TO DO> Give an exact copy of the line that has "PETLIFT Professional Veterinary" and of every line below it, through the last, with nothing else.

RECORDS SHOWN>
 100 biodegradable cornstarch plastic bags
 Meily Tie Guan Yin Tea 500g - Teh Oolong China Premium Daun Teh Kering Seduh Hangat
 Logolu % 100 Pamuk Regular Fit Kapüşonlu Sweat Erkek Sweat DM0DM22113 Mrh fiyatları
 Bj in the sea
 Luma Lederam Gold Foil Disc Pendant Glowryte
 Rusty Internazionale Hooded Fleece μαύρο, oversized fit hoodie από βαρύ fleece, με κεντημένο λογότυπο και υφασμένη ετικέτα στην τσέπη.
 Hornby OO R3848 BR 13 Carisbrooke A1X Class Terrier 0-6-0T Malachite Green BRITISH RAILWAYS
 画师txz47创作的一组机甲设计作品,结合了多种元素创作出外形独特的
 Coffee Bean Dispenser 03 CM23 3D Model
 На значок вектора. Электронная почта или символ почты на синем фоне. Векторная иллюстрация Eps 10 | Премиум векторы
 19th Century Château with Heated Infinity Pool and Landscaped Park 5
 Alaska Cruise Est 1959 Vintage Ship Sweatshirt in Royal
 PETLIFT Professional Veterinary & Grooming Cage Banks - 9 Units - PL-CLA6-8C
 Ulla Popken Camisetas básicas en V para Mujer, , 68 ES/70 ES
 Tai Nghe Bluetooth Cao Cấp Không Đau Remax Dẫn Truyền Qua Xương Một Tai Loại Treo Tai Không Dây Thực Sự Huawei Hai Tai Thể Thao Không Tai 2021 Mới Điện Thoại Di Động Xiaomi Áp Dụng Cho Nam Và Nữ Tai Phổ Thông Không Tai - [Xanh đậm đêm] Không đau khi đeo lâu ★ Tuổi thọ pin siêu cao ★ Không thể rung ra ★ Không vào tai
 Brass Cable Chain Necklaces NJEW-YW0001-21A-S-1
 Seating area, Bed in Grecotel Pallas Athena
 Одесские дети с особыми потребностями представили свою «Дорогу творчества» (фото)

FINAL ANSWER>
 PETLIFT Professional Veterinary & Grooming Cage Banks - 9 Units - PL-CLA6-8C
 Ulla Popken Camisetas básicas en V para Mujer, , 68 ES/70 ES
 Tai Nghe Bluetooth Cao Cấp Không Đau Remax Dẫn Truyền Qua Xương Một Tai Loại Treo Tai Không Dây Thực Sự Huawei Hai Tai Thể Thao Không Tai 2021 Mới Điện Thoại Di Động Xiaomi Áp Dụng Cho Nam Và Nữ Tai Phổ Thông Không Tai - [Xanh đậm đêm] Không đau khi đeo lâu ★ Tuổi thọ pin siêu cao ★ Không thể rung ra ★ Không vào tai
 Brass Cable Chain Necklaces NJEW-YW0001-21A-S-1
 Seating area, Bed in Grecotel Pallas Athena
 Одесские дети с особыми потребностями представили свою «Дорогу творчества» (фото)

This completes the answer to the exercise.